Até agora morreram pelos menos 23 militares e um número desconhecido de indígenas, entre 9 e mais de 30. Talvez 60 mortes tenham ocorrido nos confrontos. E nada disso na imprensa. Mundo afora também é pouquíssima a repercussão. Por que será? É surpreendente o número de militares mortos. Parece que uma parte deles havia sido detida pelos indígenas no início dos confrontos e, ao tentar resgatá-los, terminaram sendo mortos. Os índios alegam que não tinham armas de fogo e que os militares morreram pelo fogo cruzado de seus próprios companheiros. Difícil acreditar nisso.
No Peru, a tensão abre novas preocupações. Flutua sobre a nação o espectro do Sendero Luminoso. A oposição mais ferrenha culpa o morticínio ao governo Garcia. Os indígenas vinham armando protestos desde abril, quando fracassaram as negociações entre suas organizações representativas e o primeiro-ministro. O governo Garcia, aparentemente, não está nem aí para o quê os índios pensam. Quer porque quer explorar a Amazônia, cujas riquezas minerais e madeireiras considera patrimônio de todo o Peru. Não só dos índios. É o principal discurso governamental.
Desde abril os índios passaram a fechar estradas, passagens de barcos pelos rios e a tomar sedes de empresas de petróleo. O governo resolveu reagir e aí deu-se o conflito nesta sexta-feira p.p. A organização indígena pareceu a princípio bem estruturada. Eram mais de 1.000 índios guerreiros em vários pontos na região norte do Peru, descendo para a Amazônia, nas províncias de Bagua e Utcubamba. Suas lideranças estão em Lima. O líder da Aidesep, uma das três principais organizações indígenas peruanas, Alberto Pizango, está foragido, com mandato de prisão por incitamento à violência. Não há perspectiva de fim dos conflitos. Pode haver alguma parada, recuo estratégico, mas os indígenas amazônidas voltarão a reagir.
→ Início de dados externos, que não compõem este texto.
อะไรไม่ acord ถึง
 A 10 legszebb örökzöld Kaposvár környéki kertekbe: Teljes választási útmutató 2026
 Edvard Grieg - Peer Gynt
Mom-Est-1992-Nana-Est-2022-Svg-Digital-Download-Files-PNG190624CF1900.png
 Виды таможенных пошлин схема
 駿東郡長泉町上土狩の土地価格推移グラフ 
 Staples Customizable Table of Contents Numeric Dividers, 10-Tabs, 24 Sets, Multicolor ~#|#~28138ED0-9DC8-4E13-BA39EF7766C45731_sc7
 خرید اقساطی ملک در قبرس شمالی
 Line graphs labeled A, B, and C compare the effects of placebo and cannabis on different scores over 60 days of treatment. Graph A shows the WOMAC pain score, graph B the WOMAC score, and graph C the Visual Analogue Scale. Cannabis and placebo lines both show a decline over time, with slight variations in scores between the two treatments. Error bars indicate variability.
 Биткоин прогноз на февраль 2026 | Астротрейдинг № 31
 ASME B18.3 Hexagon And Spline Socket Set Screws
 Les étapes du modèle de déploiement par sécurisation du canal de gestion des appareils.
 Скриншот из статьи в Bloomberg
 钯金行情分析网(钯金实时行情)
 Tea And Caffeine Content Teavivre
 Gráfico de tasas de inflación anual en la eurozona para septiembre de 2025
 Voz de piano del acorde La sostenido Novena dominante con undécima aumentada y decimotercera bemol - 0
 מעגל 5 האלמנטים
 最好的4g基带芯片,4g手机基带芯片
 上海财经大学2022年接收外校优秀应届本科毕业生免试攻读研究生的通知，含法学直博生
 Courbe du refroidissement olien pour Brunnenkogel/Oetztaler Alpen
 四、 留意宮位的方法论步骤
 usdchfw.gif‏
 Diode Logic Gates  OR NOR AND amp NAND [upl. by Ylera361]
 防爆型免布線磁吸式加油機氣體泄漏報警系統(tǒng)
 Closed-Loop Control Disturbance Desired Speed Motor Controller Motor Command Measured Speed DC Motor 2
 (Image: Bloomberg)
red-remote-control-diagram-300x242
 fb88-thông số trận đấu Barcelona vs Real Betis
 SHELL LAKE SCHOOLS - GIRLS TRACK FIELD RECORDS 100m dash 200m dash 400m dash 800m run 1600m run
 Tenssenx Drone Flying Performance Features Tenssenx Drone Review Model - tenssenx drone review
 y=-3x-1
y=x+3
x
O grande problema do Peru é que não tem instituições de intermediação com os povos indígenas da Amazônia. Os índios dos Andes, vivendo em comunidades e vilarejos já conectados e integrados ao regime "colonialista" peruano, agem por meio de partidos políticos. Ou se rebelam em partes, como no caso do Sendero Luminoso. Já os amazônidas só recentemente é que iniciaram suas atividades políticos de envergadura maior. Assim, não têm eles mesmos como abrir negociações sérias com o governo. A Amazônia Peruana está ao deus-dará.